Excerpted records:
------------------------------------------------
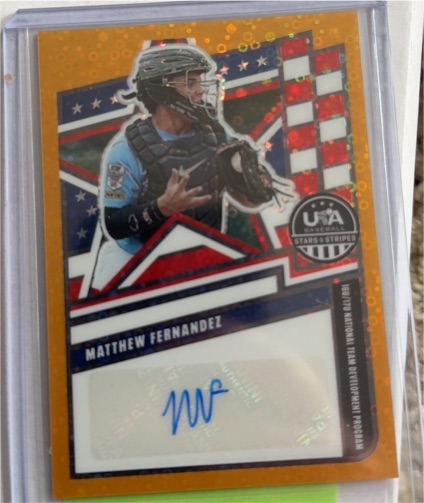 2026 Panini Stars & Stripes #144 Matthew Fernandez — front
------------------------------------------------
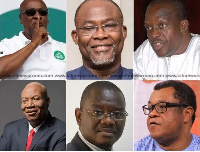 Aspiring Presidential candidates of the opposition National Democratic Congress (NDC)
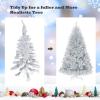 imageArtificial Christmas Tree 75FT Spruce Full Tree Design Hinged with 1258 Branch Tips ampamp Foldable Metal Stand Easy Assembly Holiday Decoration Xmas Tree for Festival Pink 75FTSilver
------------------------------------------------
What the task asks: Above are the records; copy from them only the lines starting at the one containing "Aspiring Presidential candidates" and ending at the one containing "imageArtificial Christmas Tree", exactly and without pictures.

Completed task:
 Aspiring Presidential candidates of the opposition National Democratic Congress (NDC)
 imageArtificial Christmas Tree 75FT Spruce Full Tree Design Hinged with 1258 Branch Tips ampamp Foldable Metal Stand Easy Assembly Holiday Decoration Xmas Tree for Festival Pink 75FTSilver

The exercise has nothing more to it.